Ending the Devastating Cycle of Distracted Driving: Change the Rules, Change the Result
by Jeffrey J. Kroll
What should you do when the same tactics do not work to prevent the greatest possible consequence? The definition of insanity is expecting a different result when the same conduct occurs – here, the cost of a life is that same, frustrating result.
You may think we are talking about COVID-19, but in this case, we are addressing the drivers on our roads, more importantly, distracted drivers. In 2020, 193 people were killed in distracted driving accidents in the state of Illinois alone. Of course, we may never know the true cost of life regarding distracted driving as most drivers will not admit to their lack of focus. These numbers continue to grow by roughly 12% each year.
Throughout our country, distracted driving has led to over 3,000 deaths in 2020 alone. That same year, almost half a million injuries occurred due to drivers not paying attention. That equals 10 deaths a day because drivers were doing something simple yet distracting like taking a bite of a sandwich or seeking the perfect radio station for their drive. Maybe they were breaking up a fight between children in the backseat or, most often, texting and checking their phone.
Police report that 15% of all motor vehicle accidents list distracted driving as a culprit that involves 556 non-passengers, including bicyclists and pedestrians in Illinois. The state is well known for having strict laws banning the use of texting and other phone-related activities. However, the statistics bear noting that even in the face of such rules and regulations, it is not working. The death toll continues to climb.
We return to our initial premises. So, what do we do when something is not working? What is behind these gruesome and life-altering statistics? Well, research has shown that teen drivers are more likely than any other age group to be involved in a fatal crash where distraction was a factor. The number of teens in the car at any given time contributes to the danger of the driver and others on the road. By limiting the number of teens in the car, we can perhaps reduce these numbers and limit senseless deaths. These teen years are crucial for learning to pay attention to everything that goes on behind the wheel of a car.

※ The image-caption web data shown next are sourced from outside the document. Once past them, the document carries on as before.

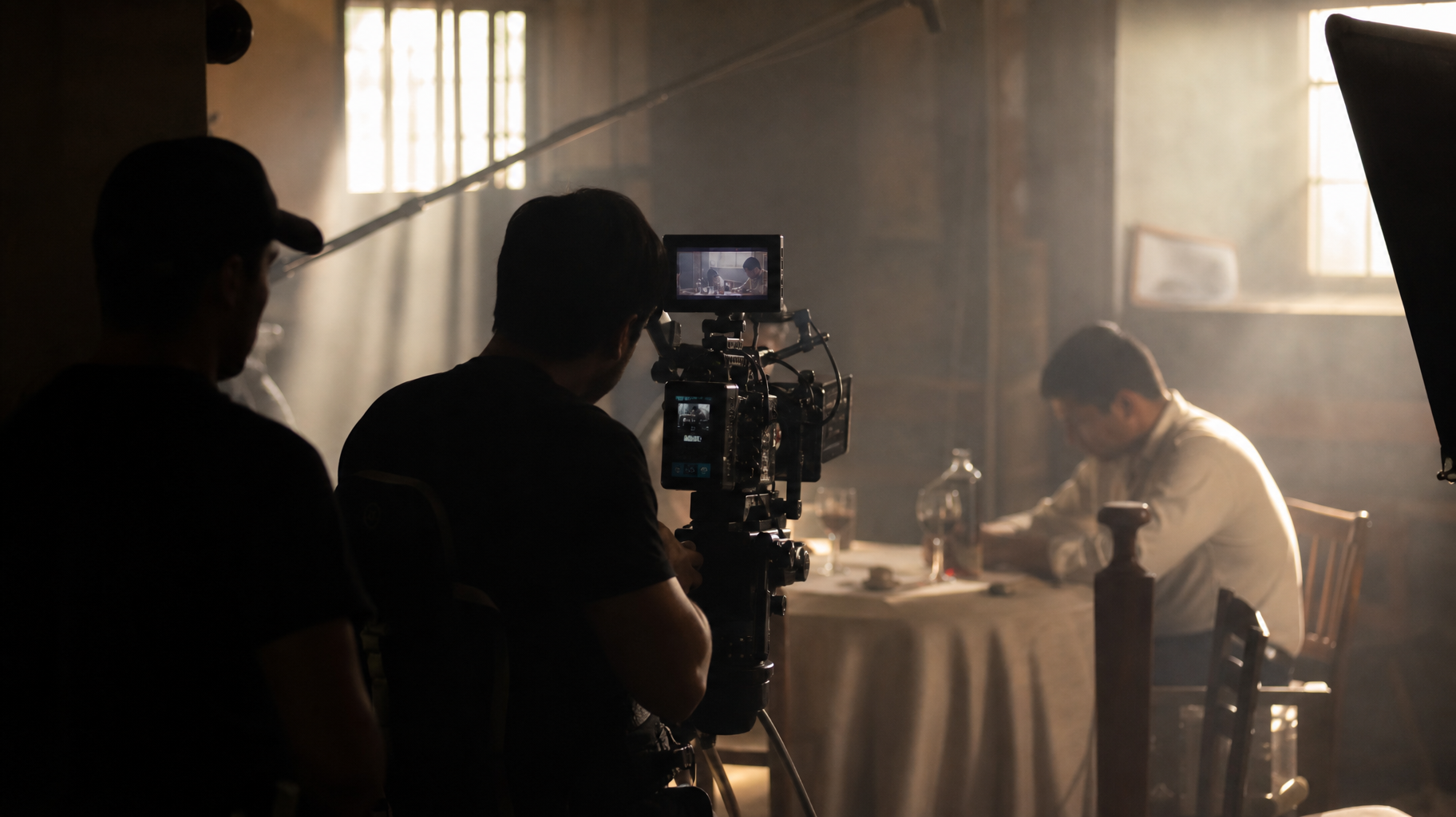 Dirección de Fotografía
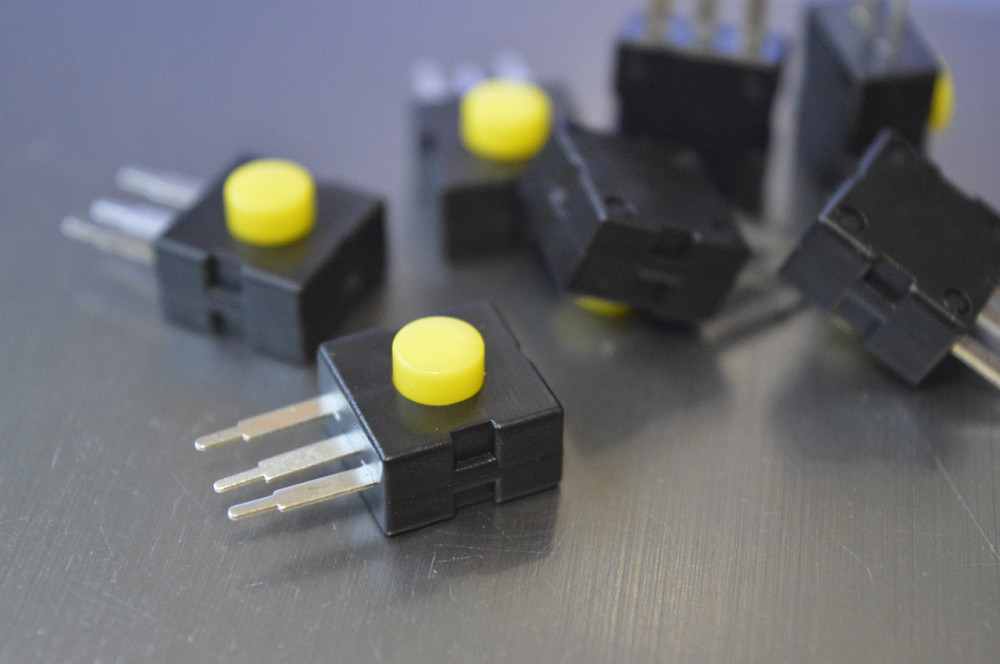 Натискна Кнопка PBS-05 Полтава - фото 1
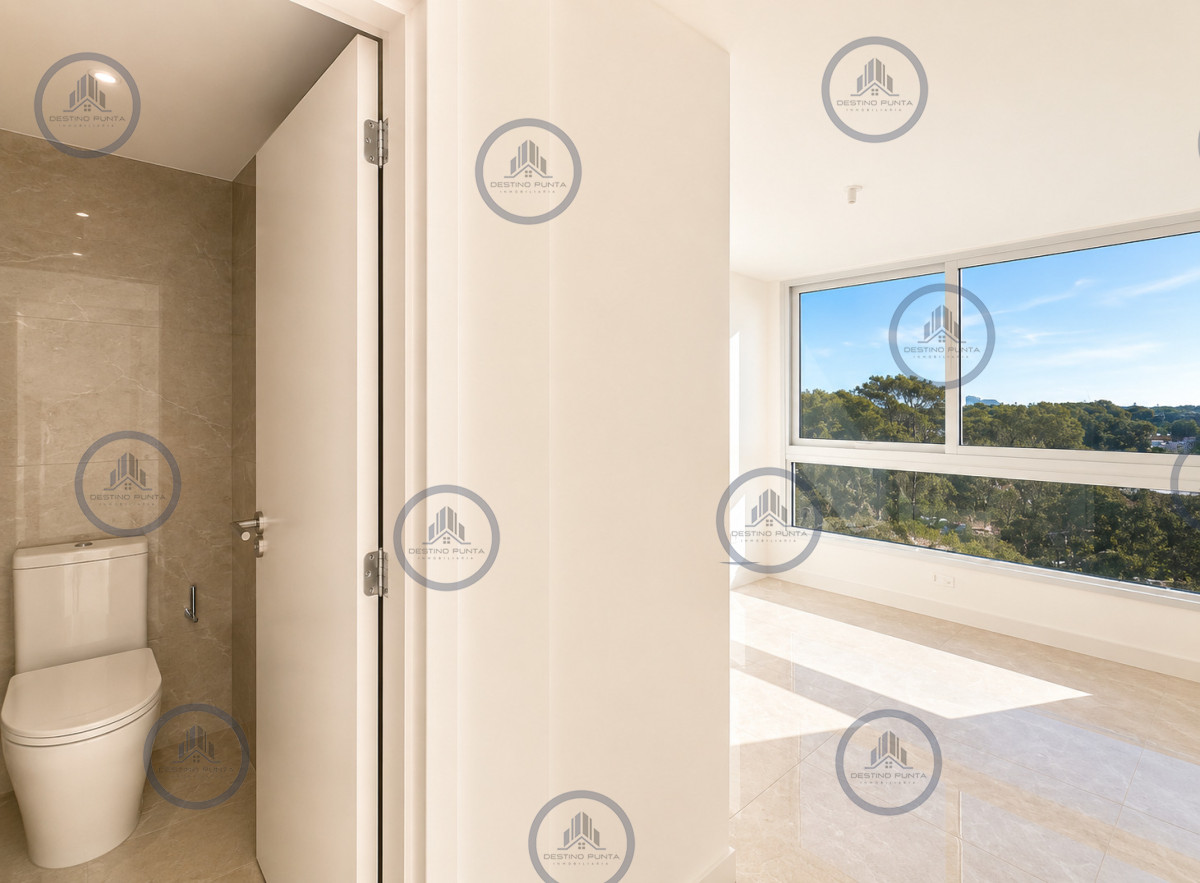 Apartamento ID.371 - Apartamento a estrenar en Venta, 2 Dormitorios, Playa Brava Punta del Este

And the fact remains, that Illinois is one of 19 states with a ban on handheld devices. Yet, holding a phone in your hand is certainly not the only way to drive distracted. Sometimes it is not the hands but the mind we need to worry about. Unfortunately, at times, I have seen the impact of teens not having the attention span or brain function to assure this level of safety. Therefore, yes, we need more rules. Albeit different ones.